━━━━━ INFORMATION SHOWN
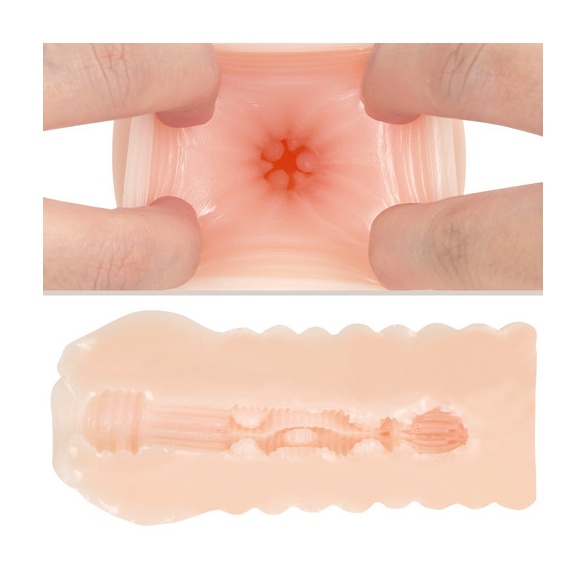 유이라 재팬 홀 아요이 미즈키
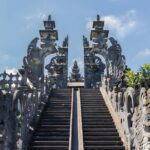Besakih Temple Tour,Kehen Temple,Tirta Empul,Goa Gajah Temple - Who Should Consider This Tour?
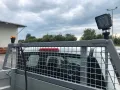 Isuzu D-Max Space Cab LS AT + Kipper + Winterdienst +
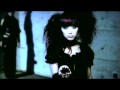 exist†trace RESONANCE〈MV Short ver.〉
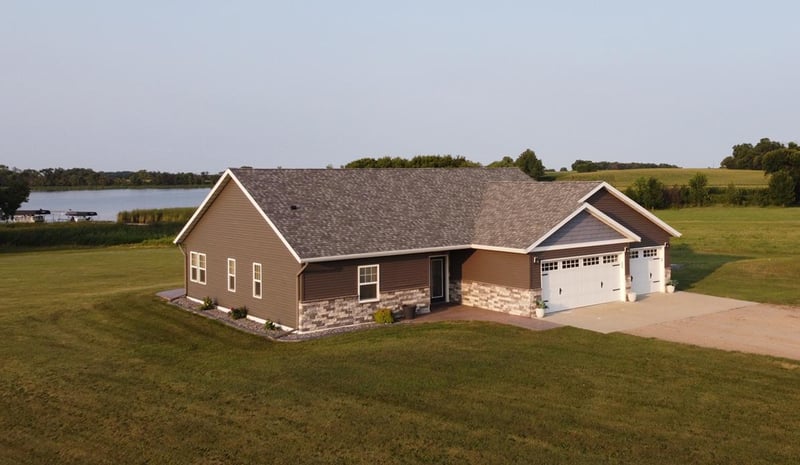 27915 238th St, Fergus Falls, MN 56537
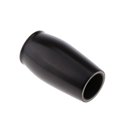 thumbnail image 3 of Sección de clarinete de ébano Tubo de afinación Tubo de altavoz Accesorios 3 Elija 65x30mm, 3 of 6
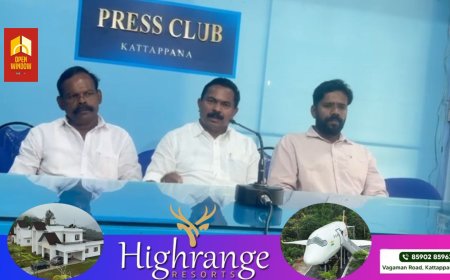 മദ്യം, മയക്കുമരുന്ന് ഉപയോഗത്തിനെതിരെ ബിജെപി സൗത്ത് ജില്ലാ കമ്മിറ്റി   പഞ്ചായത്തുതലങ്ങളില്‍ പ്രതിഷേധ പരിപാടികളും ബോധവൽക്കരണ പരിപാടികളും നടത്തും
━━━━━━━━━━
> WORK TO BE COMPLETED
Repeat exactly the lines from the one containing "Besakih Temple Tour,Kehen" to the last line of the records above, including both, and leave out any pictures.

> RESPONSE TO THIS EXERCISE
Besakih Temple Tour,Kehen Temple,Tirta Empul,Goa Gajah Temple - Who Should Consider This Tour?
 Isuzu D-Max Space Cab LS AT + Kipper + Winterdienst +
 exist†trace RESONANCE〈MV Short ver.〉
 27915 238th St, Fergus Falls, MN 56537
 thumbnail image 3 of Sección de clarinete de ébano Tubo de afinación Tubo de altavoz Accesorios 3 Elija 65x30mm, 3 of 6
 മദ്യം, മയക്കുമരുന്ന് ഉപയോഗത്തിനെതിരെ ബിജെപി സൗത്ത് ജില്ലാ കമ്മിറ്റി   പഞ്ചായത്തുതലങ്ങളില്‍ പ്രതിഷേധ പരിപാടികളും ബോധവൽക്കരണ പരിപാടികളും നടത്തും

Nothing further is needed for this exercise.